**WHAT YOU WILL DO:**
From the records below, print only the part that opens with the line containing "Gucci Rubber GG Slide Sandal Pink" and closes with the line containing "6x8 Ft Red &"; omit the pictures.

**DATA SHOWN:**
Content starts

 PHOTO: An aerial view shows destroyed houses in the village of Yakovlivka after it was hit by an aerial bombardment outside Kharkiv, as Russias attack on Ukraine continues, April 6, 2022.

Content ends
Content starts

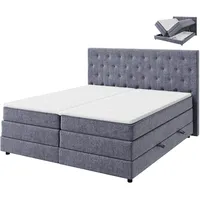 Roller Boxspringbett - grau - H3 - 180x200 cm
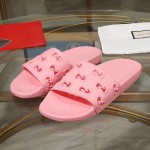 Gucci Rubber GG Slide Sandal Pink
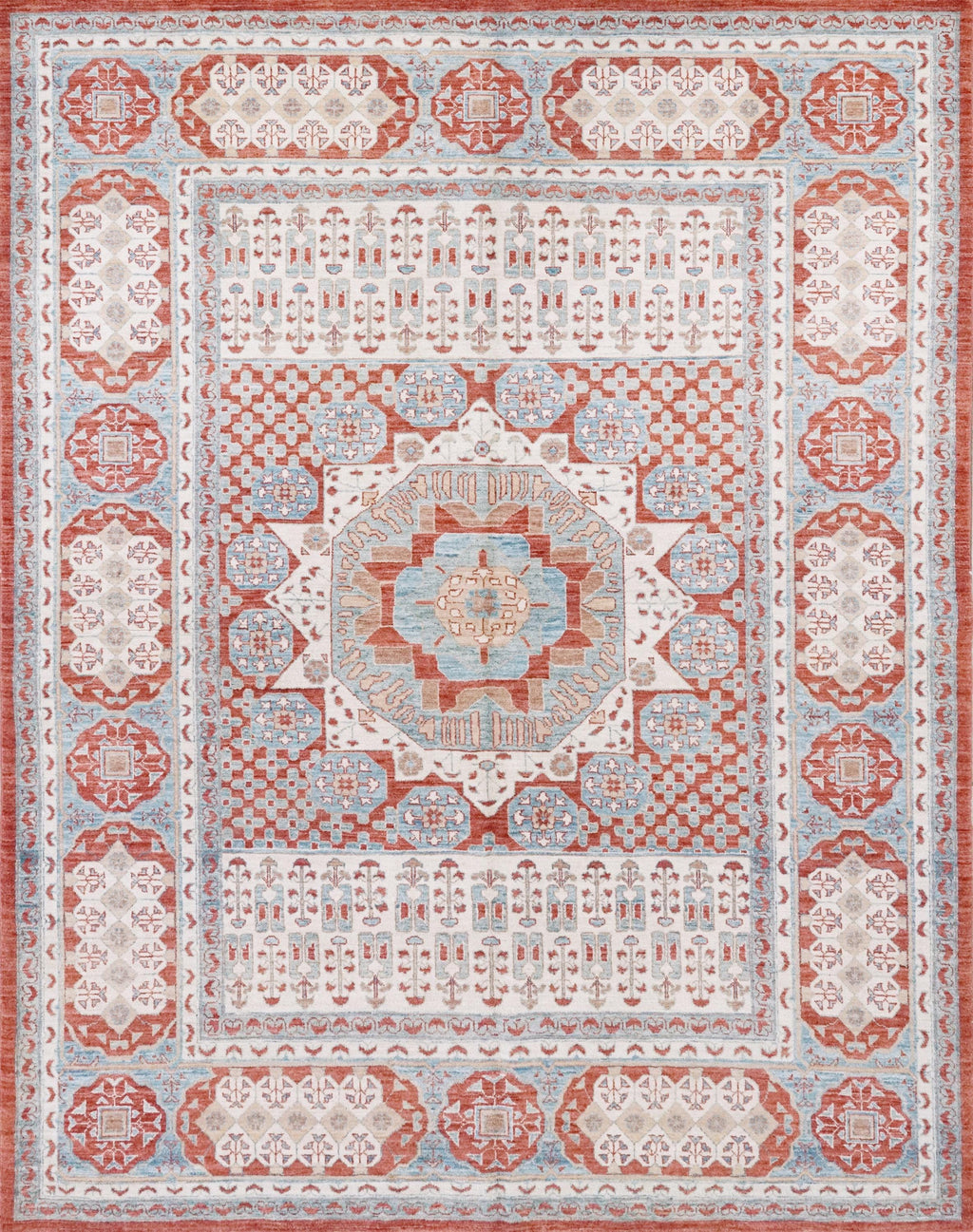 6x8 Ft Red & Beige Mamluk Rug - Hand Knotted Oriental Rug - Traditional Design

Content ends

**EXPECTED ANSWER:**
 Gucci Rubber GG Slide Sandal Pink
 6x8 Ft Red & Beige Mamluk Rug - Hand Knotted Oriental Rug - Traditional Design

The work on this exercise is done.